Trope-a-Day: Abnormal Ammo
Abnormal Ammo: While regular pistols, snipers and carbines (the three principal kinds of slugthrower) just fire flechettes chipped off an ammo block, a sluggun (or a military grade carbine that comes with an undermounted sluggun), while usually firing big slug-spikes of dense metal as an anti-materiel weapon, can instead fire flechette-canister shot (as a really heavy shotgun), bore-compatible grenades, or gyroc micromissiles.
These, in turn, can include exploding shells, incendiaries and napalm, cryoburn shells, nanoweapons (if someone’s set up a microwave power system for them), chemical/gas dispensers, cyberswarm dispensers, network node – or spy dust – dispensers, injector needles (at low power), restraint nanoglop, electroshock shells, acid globs, anti-electronic fiberdust, mollynet, antimatter nuke-in-a-bullets, and poisoned flechette-canister shot of various kinds, to name some of the ideas generations of devious arms designers have come up with – and also, for that matter, any random crap like sand or salt crystals you want to stuff in a canister.

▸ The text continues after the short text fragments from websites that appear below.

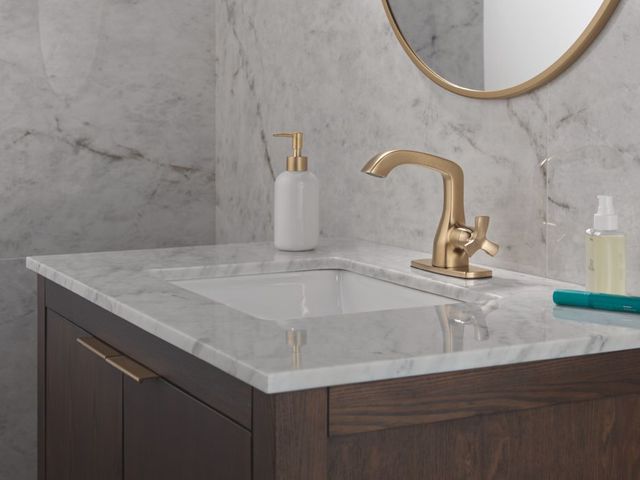 Delta Stryke® Lumicoat® Champagne Bronze Single Handle Bathroom Faucet-2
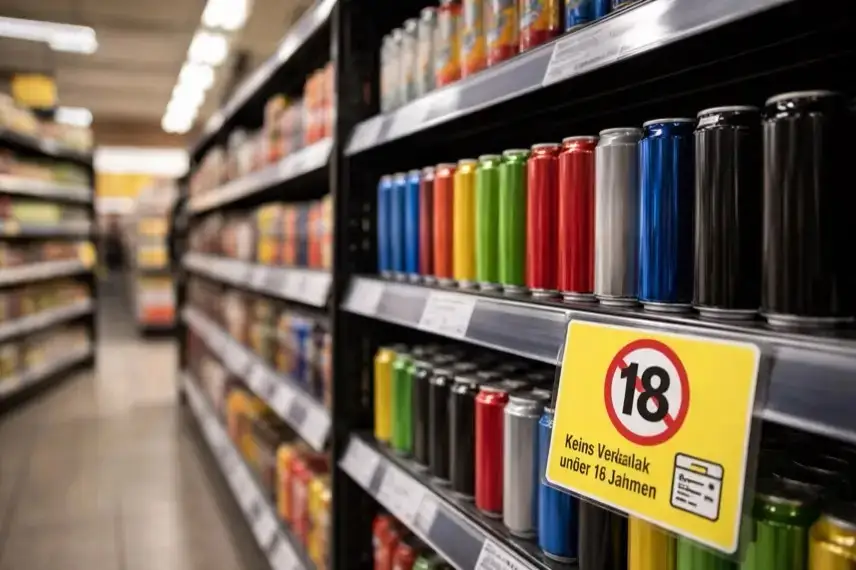 Supermarktregal mit verschiedenen Energy-Drink-Dosen und Alterskontrollhinweis im Verkaufsbereich, neutrales Umfeld ohne erkennbare Marken.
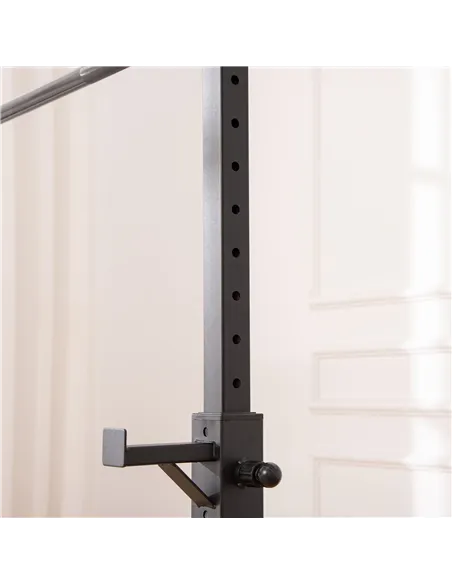 HOMCOM Heavy Duty Weight Bar Barbell Squat Stand Barbell Rack Spotter, for Home, Gym - Black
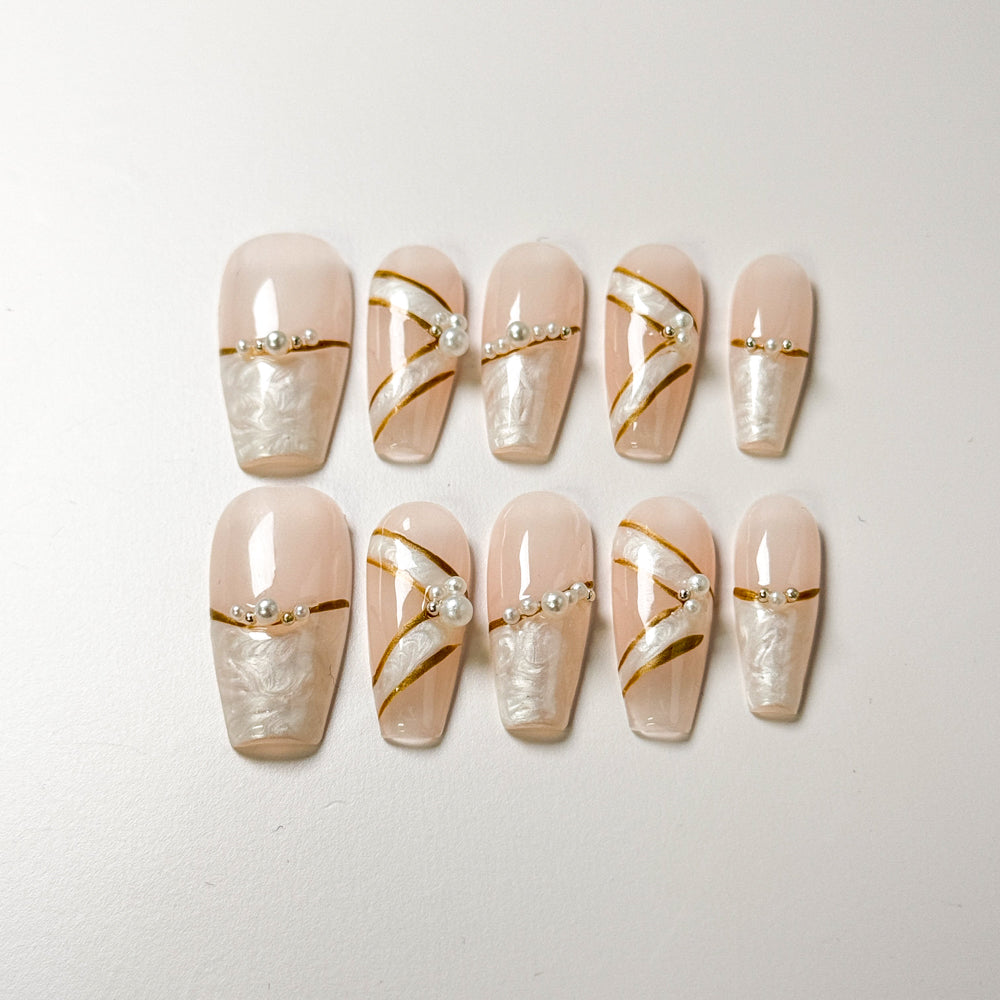 Pink Ballet Slipper press-on nails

Needlers fire, well, needles, but also fun things like the “crawler needle” that goes for a spin inside the body of its target and keeps hacking them up until even a glancing shot can be a kill. Ice needlers use a gravitic mass driver to fire ice needles, often with frozen drugs inside for remote doping.
This ignores, of course, the exotica, but then most of those are specialized weapons, not just specialized ammo.